• Your task
Your answer should be the lines below from the one with "New Year's Eve" to the one with "ミリタリーっぽいDAMDのアーセナルピラーをジムニー(JB64W)に取り付け", both included, given again exactly and with nothing added.

*** Opening of Data to use ***

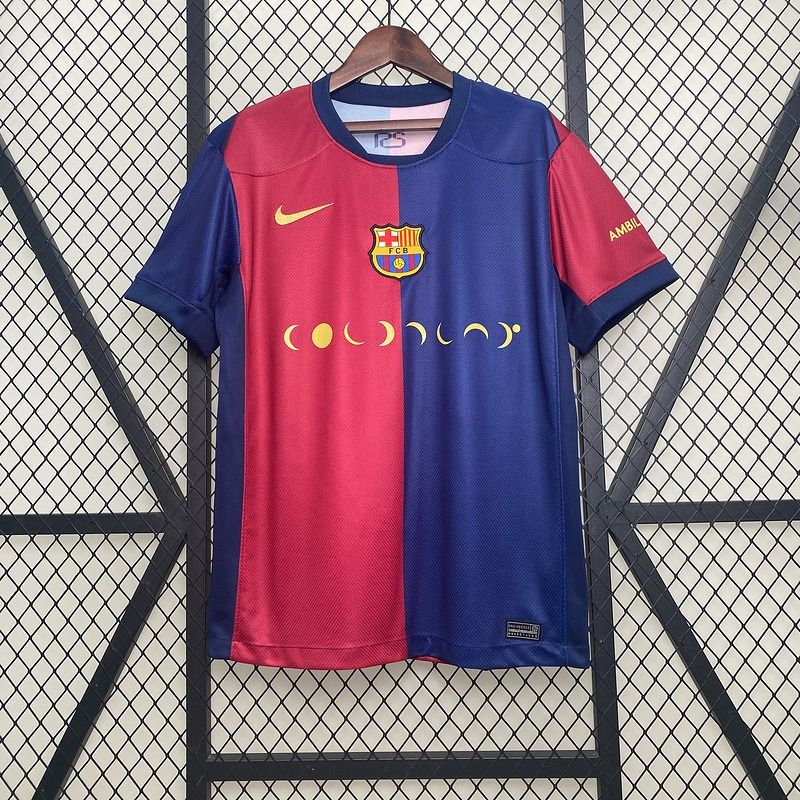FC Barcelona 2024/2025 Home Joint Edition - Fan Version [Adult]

*** Close of Data to use ***
*** Opening of Data to use ***

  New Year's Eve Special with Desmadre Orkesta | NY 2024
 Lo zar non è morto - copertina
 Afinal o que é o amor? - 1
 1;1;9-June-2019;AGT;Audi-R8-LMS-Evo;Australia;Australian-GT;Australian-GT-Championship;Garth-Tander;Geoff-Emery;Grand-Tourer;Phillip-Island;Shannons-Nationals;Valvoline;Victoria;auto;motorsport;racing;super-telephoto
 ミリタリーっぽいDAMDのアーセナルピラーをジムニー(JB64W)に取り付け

*** Close of Data to use ***
*** Opening of Data to use ***

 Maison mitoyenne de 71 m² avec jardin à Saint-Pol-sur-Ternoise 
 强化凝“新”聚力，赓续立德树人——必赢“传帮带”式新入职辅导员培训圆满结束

*** Close of Data to use ***

• Your response
  New Year's Eve Special with Desmadre Orkesta | NY 2024
 Lo zar non è morto - copertina
 Afinal o que é o amor? - 1
 1;1;9-June-2019;AGT;Audi-R8-LMS-Evo;Australia;Australian-GT;Australian-GT-Championship;Garth-Tander;Geoff-Emery;Grand-Tourer;Phillip-Island;Shannons-Nationals;Valvoline;Victoria;auto;motorsport;racing;super-telephoto
 ミリタリーっぽいDAMDのアーセナルピラーをジムニー(JB64W)に取り付け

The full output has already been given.